[Exercise instructions]: Give back each line of the data exactly as it reads, minus the pictures.
Excerpted data below:
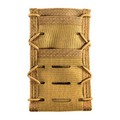 High Speed Gear iTACO V2 Phone/Tech Pouch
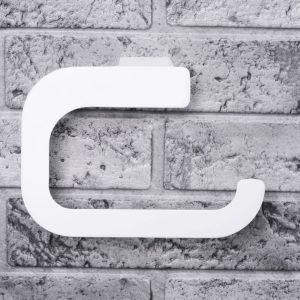 Изображение товара 1051794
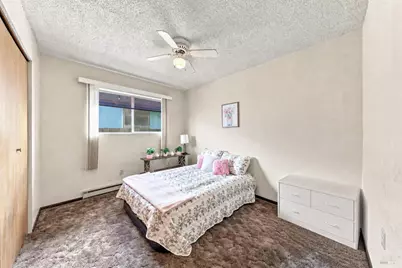 13350 Venus Village, Clearlake Oaks, CA 95423 - Photo 17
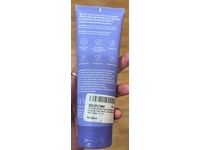 Curology Gentle Cleanser Lightly Foaming Face Wash, Cleanse, 5 fl oz/150 mL - thumbnail 3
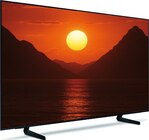 GQ55S85FAUXZG Angebote von Samsung bei expert Emden für 777,00 €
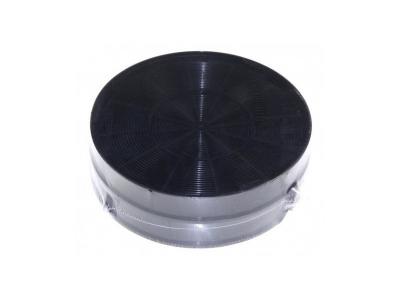 GENERIQUE Filtre Charbon X2 &oslash; 200 M/m Pour Hotte - 34944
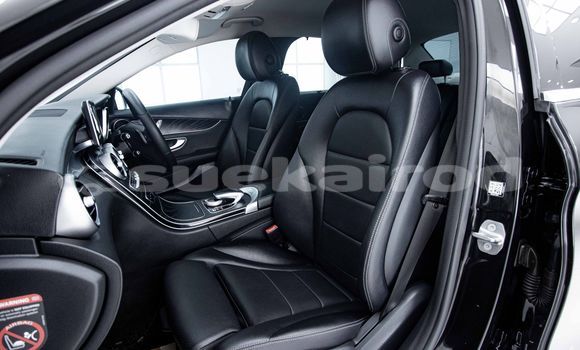 ซื้อ รถมือสอง Mercedes-Benz C-Classe สีดำ รถยนต์ ใน %{เมือง} ใน กรุงเทพมหานคร ซื้อ รถมือสอง Mercedes-Benz C-Classe สีดำ รถยนต์ ใน %{เมือง} ใน กรุงเทพมหานคร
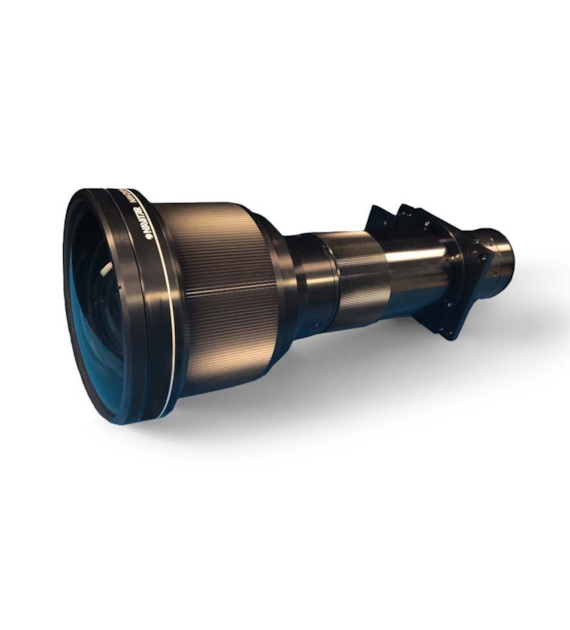 Obiektyw SONY NAV-Z1014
End of Excerpted data.
[Response area]:
 High Speed Gear iTACO V2 Phone/Tech Pouch
 Изображение товара 1051794
 13350 Venus Village, Clearlake Oaks, CA 95423 - Photo 17
 Curology Gentle Cleanser Lightly Foaming Face Wash, Cleanse, 5 fl oz/150 mL - thumbnail 3
 GQ55S85FAUXZG Angebote von Samsung bei expert Emden für 777,00 €
 GENERIQUE Filtre Charbon X2 &oslash; 200 M/m Pour Hotte - 34944
 ซื้อ รถมือสอง Mercedes-Benz C-Classe สีดำ รถยนต์ ใน %{เมือง} ใน กรุงเทพมหานคร ซื้อ รถมือสอง Mercedes-Benz C-Classe สีดำ รถยนต์ ใน %{เมือง} ใน กรุงเทพมหานคร
 Obiektyw SONY NAV-Z1014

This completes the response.